MATERIALS PROVIDED
Start of Block
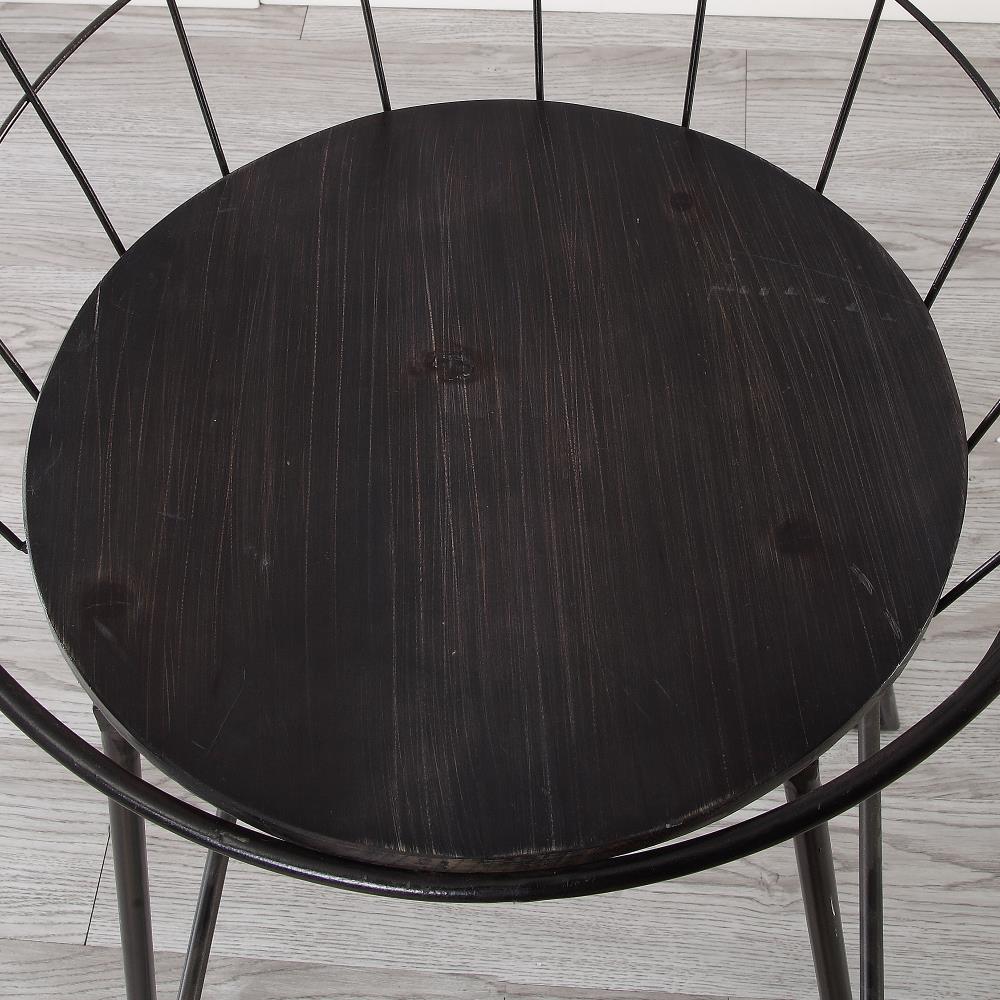 FirsTime 70078 stools - View #2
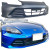 OEREP PP 20th Anniversary Front Bumper > Honda S2000 2000-2009 - image 22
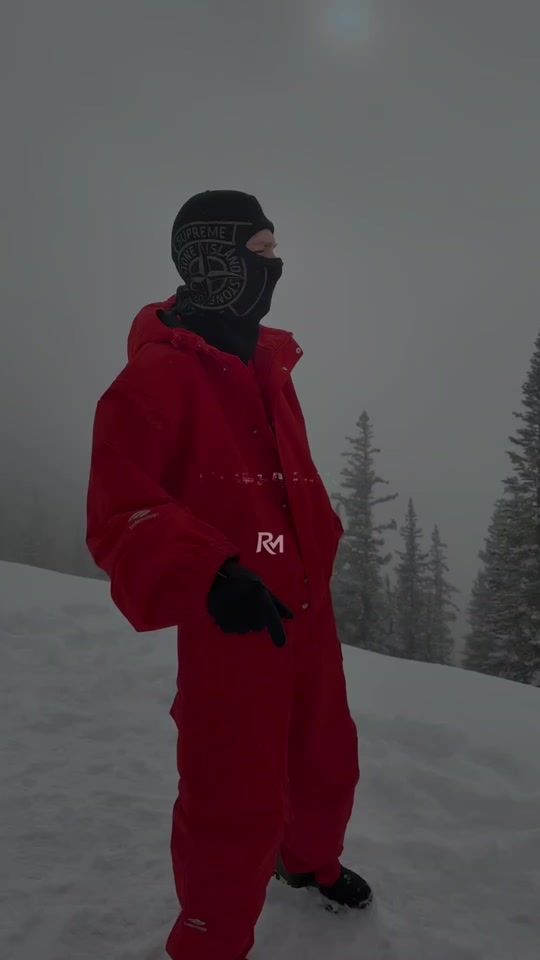 TikTok video thumbnail by lyricsrm._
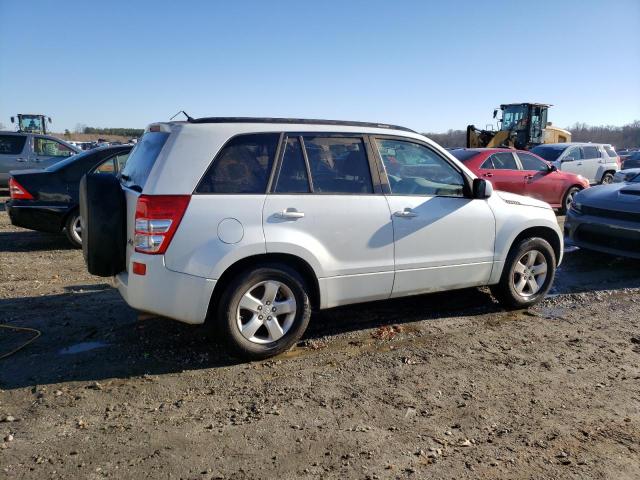 JS3TE0D43A4100875 Suzuki Grand Vitara Xsport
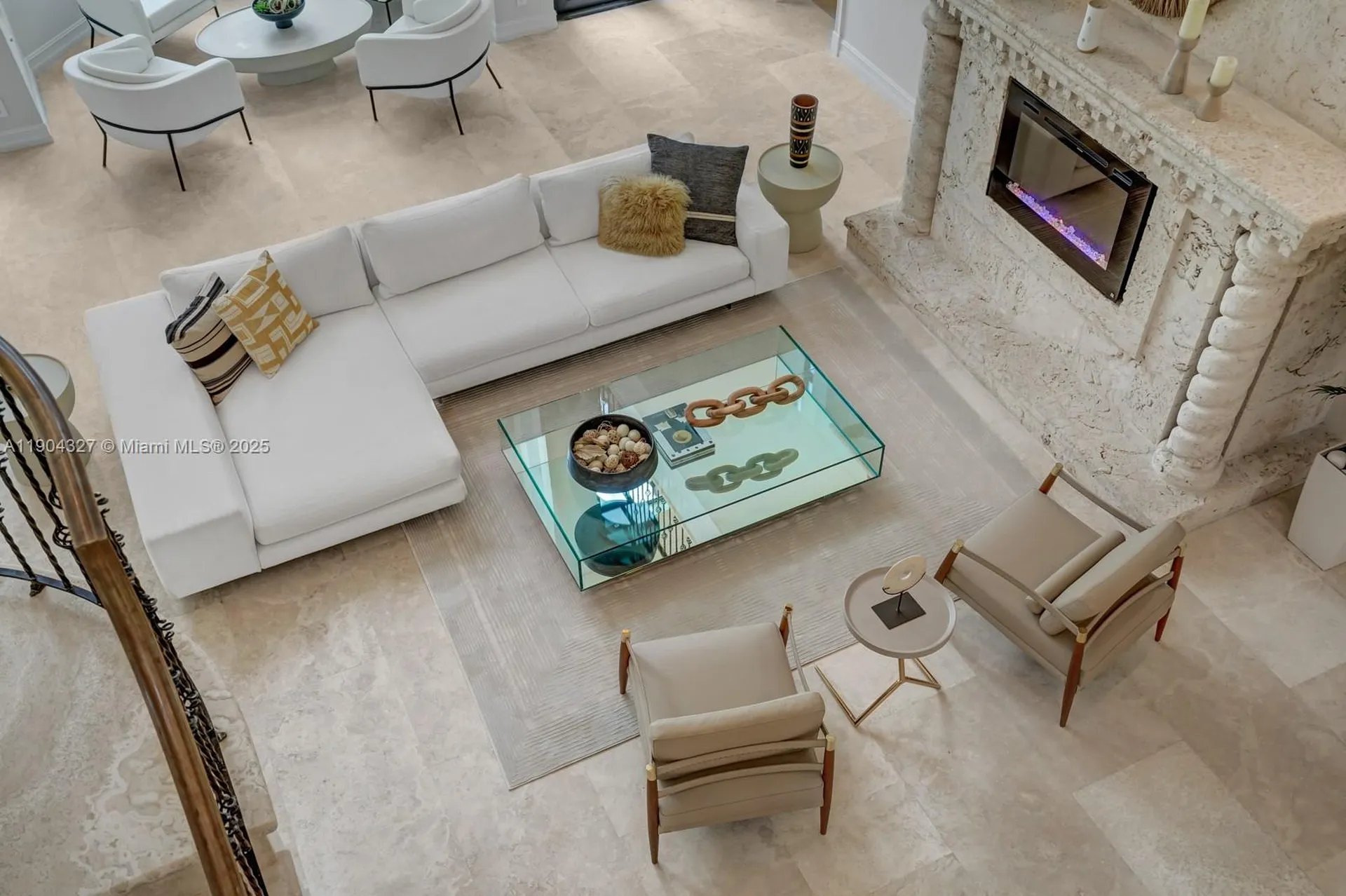 168 Fiesta Way Fort Lauderdale FL 33301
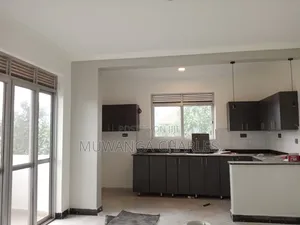 2bdrm Apartment in Fs Properties Ltd, Central Division for rent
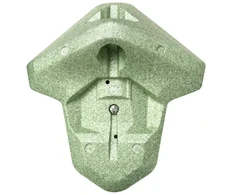 Waydoo Kickboard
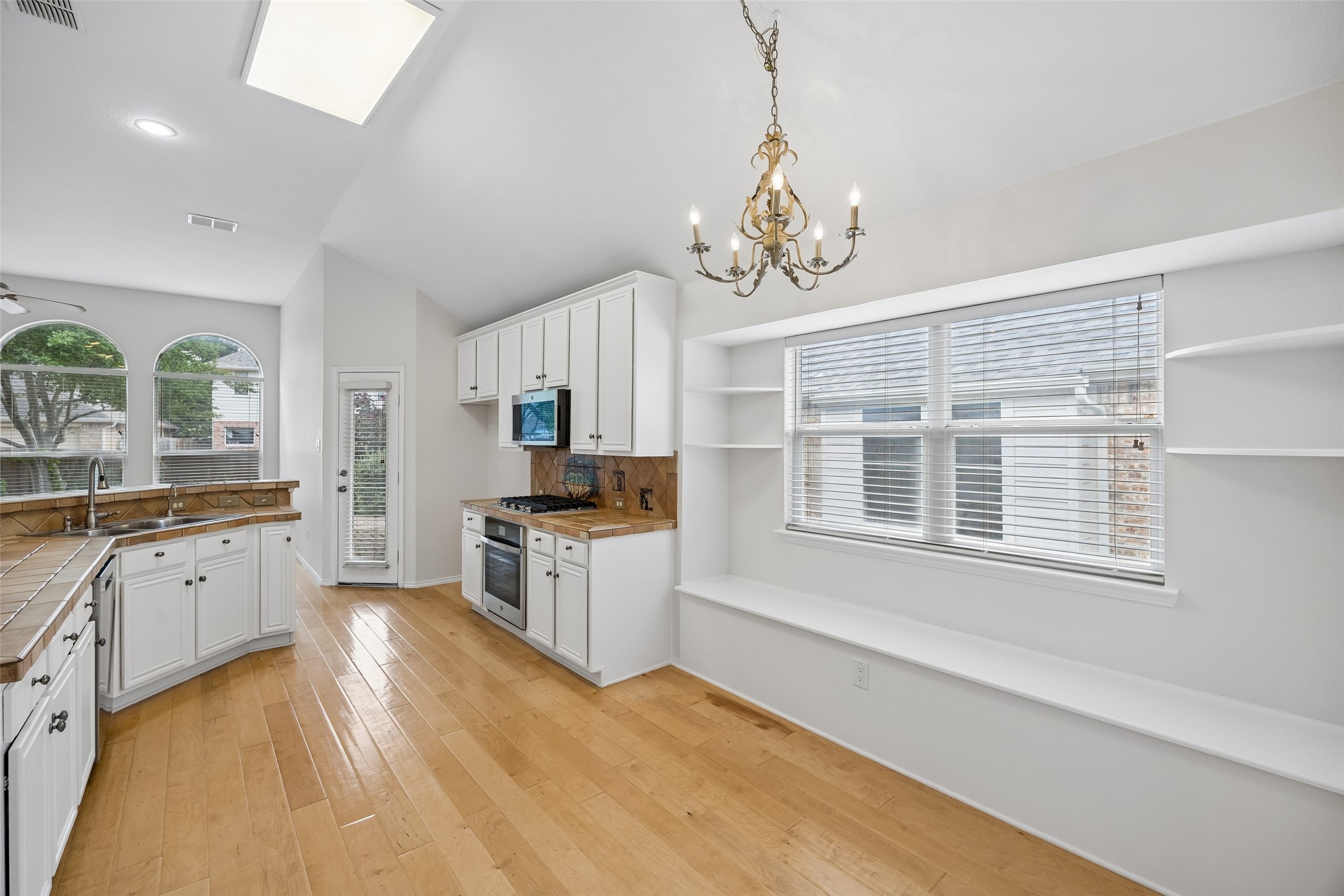 2037 Saint Ives Drive Allen TX 75013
End of Block
WHAT YOU WILL DO
Lines from the one that contains "JS3TE0D43A4100875 Suzuki Grand Vitara Xsport" through the last line of the data above are to be extracted exactly, with no pictures and no other lines.

WRITTEN ANSWER
 JS3TE0D43A4100875 Suzuki Grand Vitara Xsport
 168 Fiesta Way Fort Lauderdale FL 33301
 2bdrm Apartment in Fs Properties Ltd, Central Division for rent
 Waydoo Kickboard
 2037 Saint Ives Drive Allen TX 75013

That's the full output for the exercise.